Tüm bunların yanı sıra yurt içinde de terör unsurlarıyla amansız bir mücadele yürüttüklerinin altını çizen Yıldırım, temmuz ayından itibaren terörle mücadelede yeni bir safhaya geçtiklerini belirtti. Bölücü terör örgütünün bölgede yaptıklarından daha çok insanın, aynı zamanda şehirlerin zarar gördüğünü aktaran Yıldırım, terörün temizlenmesinin ardından yeniden ve muazzam bir imar çalışmasına başladıklarını anlattı.

Konut, alt yapı ve yol çalışmalarının hızla başladığını ve yaraların sarıldığını ifade eden Yıldırım, hayatın normale döndüğünü, esnafın borçlarının da yeniden yapılandırıldığını aktardı. 

15 BİN KONUT YAPILACAK

Bölgede bir yıl içerisinde en az 15 bin konut yapılacağını bildiren Başbakan Yıldırım, gelecek 4 yılda yapılacak konut sayısının ise 67 bini bulacağını açıkladı.

Doğu ve Güneydoğu Anadolu cazibe merkezlerindeki kamunun ve devletin yapacağı yatırımların tutarının 140 milyar lirayı bulduğuna işaret eden Yıldırım, AK Parti olarak 14 yıl içinde bölgede çok büyük hamleler yaptıklarını da anımsattı.

Bugün cazibe merkezi yapmayı hedefledikleri 23 ilin 2002'deki kişi başına milli gelirinin 750-800 dolar civarında olduğunu vurgulayan Yıldırım, 2016 başında ise bu illerin ortalamasının 5 bin 500 doları bulduğunu söyledi.

Başbakan Yıldırım, "Türkiye'nin 3 bin 200 dolardan 9-10 bin dolarlara yaklaşık 3 kat büyümesi ile kıyaslandığında burada 8-9 kat oranında bir büyüme görüyoruz." dedi.

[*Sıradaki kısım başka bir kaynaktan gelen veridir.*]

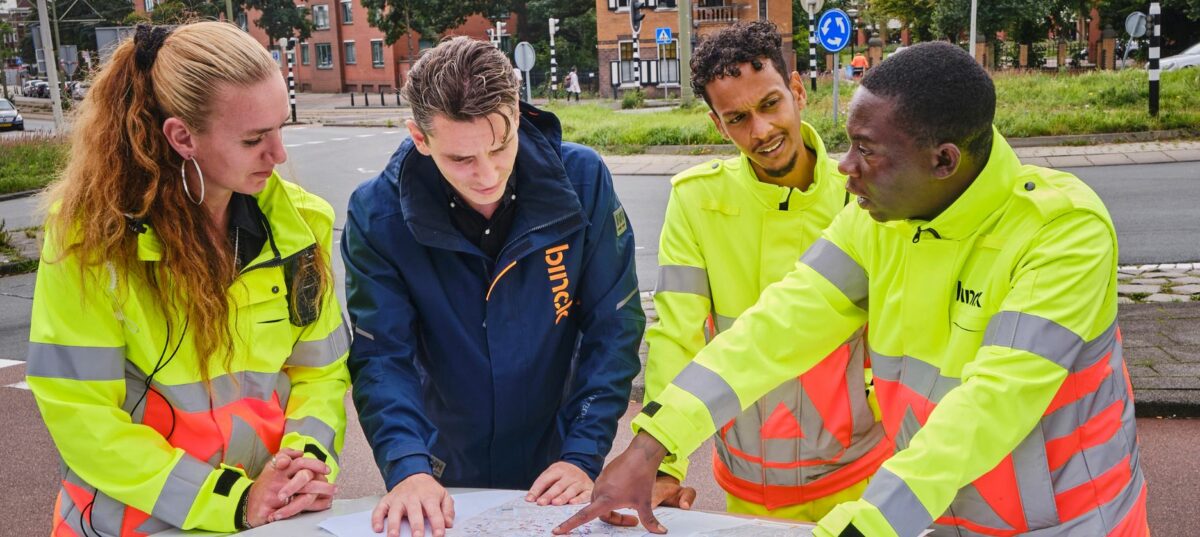 Leerling Monteur Tijdelijke Verkeersmaatregelen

Refahtaki farklılığı ortadan kaldırmak için aslında bölgede 14 yıldır pozitif ayrımcılık yaptıklarını dile getiren Binali Yıldırım, tüm bunları ise terörle mücadeleyi sürdürürken gerçekleştirdiklerini kaydetti.

Bu sorunu, bütün terör unsurlarının kökünü kazıyarak halledeceklerini vurgulayan Yıldırım, "Milletle, bunları aramızdan çıkaracağız. Bunlar ne Kürtleri temsil ediyor ne Türkleri temsil ediyor, bunlar Kürt'e de zarar veriyor, Türk'e de zarar veriyor. Bu milletin, ülkenin ilerlemesini, gelişmesini geciktiriyorlar." ifadesini kullandı.

"FETÖ'de, BTÖ de ikisi de aynı merkezden kumanda ediliyor." diyen Yıldırım, "15 Temmuz'da bunların iplerinin aynı yerde olduğunun görüldüğünü" vurguladı.

Yıldırım, sözlerini şöyle sürdürdü:

"Biri bırakıyor, biri alıyor. Maksat Türkiye'yi oyalamak, hızını kesmek, hedeflerini geciktirmek ama başaramayacaklar. 15 Temmuz'da derslerini aldılar, FETÖ'cüler dersini aldı, şimdi de BTÖ'cüler, bölücü terör örgütü dersini almaya devam ediyor. Kırsalda, şehirde, her yerde güvenlik güçlerimiz ensesinde. Şimdi hedef, Türkiye'yi artık terörle anılan ülke olmaktan çıkarmak. Yeter, terör mutlaka Türkiye'nin gündeminde en alt sıralara inecek. Başarılı bir operasyon yürüyor, kırsalda, hudut boylarında bunların yuvalandığı yerleri biliyoruz yıllardır. 12 tane ana merkezde 'gece, gündüz' demeden, cansiperane bir şekilde polisimiz, askerimiz, korucularımız hepsi müthiş bir mücadele içindeler ve bu mücadeleyi millet kazanacak. Şu anda bölgede Allah'a şükür terörle mücadeledeki destek yüzde 90'lara ulaşmış durumda. Bu ne demektir? 'Biz artık bunlardan bıktık, usandık, ne yapın yapın bunları temizleyin.' diyor millet. Biz de milletin dediğini yapmak mecburiyetindeyiz. Milletin dediğinin tersini yapanların nerede olduğunu görüyorsunuz."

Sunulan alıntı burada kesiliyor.